**Exercise brief**: Write out the data below exactly, from its first line to the line containing "[Thoto Shop] Tẩu", that line included.
Data extracts: Begin
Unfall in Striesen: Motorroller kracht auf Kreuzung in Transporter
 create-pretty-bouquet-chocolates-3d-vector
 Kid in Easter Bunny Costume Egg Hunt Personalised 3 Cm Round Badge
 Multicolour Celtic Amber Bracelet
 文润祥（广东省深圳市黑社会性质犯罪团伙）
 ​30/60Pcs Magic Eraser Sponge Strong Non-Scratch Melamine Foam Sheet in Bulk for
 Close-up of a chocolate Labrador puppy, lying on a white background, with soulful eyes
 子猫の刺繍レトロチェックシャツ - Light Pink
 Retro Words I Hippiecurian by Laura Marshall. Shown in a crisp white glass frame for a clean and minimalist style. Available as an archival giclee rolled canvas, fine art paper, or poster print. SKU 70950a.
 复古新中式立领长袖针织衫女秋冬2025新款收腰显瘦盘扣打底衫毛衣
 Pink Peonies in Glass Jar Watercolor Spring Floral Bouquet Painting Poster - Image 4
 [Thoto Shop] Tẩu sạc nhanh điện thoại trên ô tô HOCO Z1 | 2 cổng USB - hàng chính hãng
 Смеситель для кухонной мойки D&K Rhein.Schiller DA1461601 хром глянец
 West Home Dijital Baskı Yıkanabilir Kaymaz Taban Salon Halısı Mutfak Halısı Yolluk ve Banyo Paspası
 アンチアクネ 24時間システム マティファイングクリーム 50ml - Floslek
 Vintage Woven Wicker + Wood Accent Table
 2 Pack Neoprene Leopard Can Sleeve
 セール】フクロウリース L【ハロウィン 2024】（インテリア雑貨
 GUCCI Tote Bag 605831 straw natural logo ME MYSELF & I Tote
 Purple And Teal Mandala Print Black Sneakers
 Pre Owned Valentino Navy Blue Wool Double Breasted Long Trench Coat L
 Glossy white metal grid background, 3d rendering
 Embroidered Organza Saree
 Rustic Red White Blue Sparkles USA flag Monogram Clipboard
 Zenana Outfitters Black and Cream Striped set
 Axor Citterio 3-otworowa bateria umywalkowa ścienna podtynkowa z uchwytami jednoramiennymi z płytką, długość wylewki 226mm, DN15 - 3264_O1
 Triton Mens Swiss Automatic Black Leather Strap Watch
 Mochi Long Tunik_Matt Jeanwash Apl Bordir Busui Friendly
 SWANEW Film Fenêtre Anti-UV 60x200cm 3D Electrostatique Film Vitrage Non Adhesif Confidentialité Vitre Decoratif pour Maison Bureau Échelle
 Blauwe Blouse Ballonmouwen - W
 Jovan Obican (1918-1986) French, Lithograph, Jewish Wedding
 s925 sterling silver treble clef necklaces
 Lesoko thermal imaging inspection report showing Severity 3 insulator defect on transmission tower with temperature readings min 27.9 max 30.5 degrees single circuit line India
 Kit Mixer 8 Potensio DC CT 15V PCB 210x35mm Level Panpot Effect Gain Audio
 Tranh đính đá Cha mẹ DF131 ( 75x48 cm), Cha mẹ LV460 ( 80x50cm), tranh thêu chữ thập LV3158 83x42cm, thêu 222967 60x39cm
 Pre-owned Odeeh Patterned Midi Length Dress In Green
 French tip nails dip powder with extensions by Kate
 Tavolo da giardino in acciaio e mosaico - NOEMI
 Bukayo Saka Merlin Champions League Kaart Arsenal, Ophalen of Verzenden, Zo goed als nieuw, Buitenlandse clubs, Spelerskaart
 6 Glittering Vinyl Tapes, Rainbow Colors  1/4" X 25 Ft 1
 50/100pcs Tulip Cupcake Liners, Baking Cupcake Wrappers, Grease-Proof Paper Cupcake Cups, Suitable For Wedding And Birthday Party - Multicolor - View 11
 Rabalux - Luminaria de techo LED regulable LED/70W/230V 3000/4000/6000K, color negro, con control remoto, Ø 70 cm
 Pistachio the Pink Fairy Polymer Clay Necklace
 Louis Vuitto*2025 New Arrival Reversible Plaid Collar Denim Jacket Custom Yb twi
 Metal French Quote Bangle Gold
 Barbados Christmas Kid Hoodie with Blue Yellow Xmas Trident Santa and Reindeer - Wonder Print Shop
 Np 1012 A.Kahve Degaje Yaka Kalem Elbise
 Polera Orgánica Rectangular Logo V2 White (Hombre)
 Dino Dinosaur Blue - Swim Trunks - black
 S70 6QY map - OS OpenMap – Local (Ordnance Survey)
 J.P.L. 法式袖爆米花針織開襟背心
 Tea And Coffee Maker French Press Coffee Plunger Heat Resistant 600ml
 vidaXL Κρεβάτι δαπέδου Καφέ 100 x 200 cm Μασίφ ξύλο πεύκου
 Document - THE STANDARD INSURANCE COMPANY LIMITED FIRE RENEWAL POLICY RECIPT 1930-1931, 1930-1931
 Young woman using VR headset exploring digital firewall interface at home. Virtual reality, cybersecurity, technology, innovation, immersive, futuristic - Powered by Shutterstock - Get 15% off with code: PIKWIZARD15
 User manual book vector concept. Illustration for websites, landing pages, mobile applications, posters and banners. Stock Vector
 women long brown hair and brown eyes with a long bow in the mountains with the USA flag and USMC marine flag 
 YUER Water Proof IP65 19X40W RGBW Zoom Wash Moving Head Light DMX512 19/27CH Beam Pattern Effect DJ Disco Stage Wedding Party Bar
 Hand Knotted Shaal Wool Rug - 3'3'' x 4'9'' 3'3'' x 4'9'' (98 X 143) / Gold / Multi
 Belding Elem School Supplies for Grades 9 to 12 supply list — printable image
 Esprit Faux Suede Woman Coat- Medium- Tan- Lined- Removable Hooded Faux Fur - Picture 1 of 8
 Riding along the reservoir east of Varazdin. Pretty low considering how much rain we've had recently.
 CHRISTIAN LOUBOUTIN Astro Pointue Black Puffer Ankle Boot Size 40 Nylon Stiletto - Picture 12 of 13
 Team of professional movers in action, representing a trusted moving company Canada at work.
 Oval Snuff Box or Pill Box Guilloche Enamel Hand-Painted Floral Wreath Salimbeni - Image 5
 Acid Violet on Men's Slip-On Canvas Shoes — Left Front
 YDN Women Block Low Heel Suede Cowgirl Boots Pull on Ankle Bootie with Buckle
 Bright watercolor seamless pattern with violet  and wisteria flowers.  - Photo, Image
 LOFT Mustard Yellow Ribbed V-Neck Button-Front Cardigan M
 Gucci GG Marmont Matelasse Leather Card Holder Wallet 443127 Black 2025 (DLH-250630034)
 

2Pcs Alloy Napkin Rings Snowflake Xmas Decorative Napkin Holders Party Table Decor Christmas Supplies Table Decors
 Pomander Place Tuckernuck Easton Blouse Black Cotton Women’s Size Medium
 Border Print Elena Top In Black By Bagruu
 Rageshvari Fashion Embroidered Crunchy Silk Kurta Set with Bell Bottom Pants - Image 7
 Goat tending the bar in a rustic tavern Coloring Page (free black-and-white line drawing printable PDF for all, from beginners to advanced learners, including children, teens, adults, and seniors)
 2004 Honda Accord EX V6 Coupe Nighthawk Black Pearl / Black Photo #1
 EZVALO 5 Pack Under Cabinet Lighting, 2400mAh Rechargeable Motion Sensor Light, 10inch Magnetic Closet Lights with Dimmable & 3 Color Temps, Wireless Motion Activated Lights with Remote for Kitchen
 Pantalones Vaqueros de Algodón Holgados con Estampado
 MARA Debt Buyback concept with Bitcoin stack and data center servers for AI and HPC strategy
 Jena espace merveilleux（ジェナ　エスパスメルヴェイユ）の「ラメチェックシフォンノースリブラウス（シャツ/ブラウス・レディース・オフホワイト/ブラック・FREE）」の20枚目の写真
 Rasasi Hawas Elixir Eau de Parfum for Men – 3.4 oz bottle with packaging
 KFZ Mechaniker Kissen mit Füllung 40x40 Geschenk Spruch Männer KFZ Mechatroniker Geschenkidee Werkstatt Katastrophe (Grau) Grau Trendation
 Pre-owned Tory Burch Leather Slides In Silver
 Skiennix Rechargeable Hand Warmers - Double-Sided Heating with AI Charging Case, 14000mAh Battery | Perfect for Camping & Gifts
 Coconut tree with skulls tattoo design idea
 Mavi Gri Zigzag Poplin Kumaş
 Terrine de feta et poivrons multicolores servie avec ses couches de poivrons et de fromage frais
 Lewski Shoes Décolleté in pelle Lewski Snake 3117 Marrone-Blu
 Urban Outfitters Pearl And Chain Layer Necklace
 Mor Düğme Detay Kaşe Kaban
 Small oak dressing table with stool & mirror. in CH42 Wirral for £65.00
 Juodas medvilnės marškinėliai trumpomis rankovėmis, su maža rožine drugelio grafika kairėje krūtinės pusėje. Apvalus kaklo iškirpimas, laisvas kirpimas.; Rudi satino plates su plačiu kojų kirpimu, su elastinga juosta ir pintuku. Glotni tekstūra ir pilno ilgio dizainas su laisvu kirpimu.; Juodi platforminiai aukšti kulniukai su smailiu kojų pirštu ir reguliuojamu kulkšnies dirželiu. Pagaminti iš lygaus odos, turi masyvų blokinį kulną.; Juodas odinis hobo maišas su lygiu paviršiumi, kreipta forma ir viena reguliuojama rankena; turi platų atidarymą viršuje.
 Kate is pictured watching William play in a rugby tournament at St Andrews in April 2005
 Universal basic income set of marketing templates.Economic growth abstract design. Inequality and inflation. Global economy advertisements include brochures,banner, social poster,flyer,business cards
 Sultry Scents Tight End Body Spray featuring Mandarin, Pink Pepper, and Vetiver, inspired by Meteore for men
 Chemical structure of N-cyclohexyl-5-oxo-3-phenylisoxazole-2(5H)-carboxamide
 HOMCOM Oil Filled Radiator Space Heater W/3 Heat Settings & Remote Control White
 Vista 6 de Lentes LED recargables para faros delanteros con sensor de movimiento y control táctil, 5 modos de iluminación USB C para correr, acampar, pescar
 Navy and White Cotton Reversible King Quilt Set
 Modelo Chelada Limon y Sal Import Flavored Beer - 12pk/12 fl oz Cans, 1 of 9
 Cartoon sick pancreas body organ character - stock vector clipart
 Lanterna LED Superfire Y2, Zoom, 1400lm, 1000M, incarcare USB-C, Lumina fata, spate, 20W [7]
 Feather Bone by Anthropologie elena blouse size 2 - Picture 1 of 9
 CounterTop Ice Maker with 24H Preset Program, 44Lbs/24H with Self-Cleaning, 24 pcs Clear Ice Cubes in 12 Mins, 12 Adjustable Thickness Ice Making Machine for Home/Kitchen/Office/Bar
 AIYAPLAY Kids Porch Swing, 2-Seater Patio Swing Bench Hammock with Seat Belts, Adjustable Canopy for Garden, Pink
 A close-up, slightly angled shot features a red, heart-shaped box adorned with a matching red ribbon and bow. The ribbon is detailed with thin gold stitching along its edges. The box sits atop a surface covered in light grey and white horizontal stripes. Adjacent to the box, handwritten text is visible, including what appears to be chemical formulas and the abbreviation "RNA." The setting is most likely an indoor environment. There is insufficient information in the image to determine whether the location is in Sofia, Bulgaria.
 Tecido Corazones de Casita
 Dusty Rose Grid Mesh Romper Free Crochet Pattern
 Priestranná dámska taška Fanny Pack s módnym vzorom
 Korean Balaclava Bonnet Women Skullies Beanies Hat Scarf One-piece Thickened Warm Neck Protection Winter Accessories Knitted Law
Data extracts: End
**Answer to this exercise**:
Unfall in Striesen: Motorroller kracht auf Kreuzung in Transporter
 create-pretty-bouquet-chocolates-3d-vector
 Kid in Easter Bunny Costume Egg Hunt Personalised 3 Cm Round Badge
 Multicolour Celtic Amber Bracelet
 文润祥（广东省深圳市黑社会性质犯罪团伙）
 ​30/60Pcs Magic Eraser Sponge Strong Non-Scratch Melamine Foam Sheet in Bulk for
 Close-up of a chocolate Labrador puppy, lying on a white background, with soulful eyes
 子猫の刺繍レトロチェックシャツ - Light Pink
 Retro Words I Hippiecurian by Laura Marshall. Shown in a crisp white glass frame for a clean and minimalist style. Available as an archival giclee rolled canvas, fine art paper, or poster print. SKU 70950a.
 复古新中式立领长袖针织衫女秋冬2025新款收腰显瘦盘扣打底衫毛衣
 Pink Peonies in Glass Jar Watercolor Spring Floral Bouquet Painting Poster - Image 4
 [Thoto Shop] Tẩu sạc nhanh điện thoại trên ô tô HOCO Z1 | 2 cổng USB - hàng chính hãng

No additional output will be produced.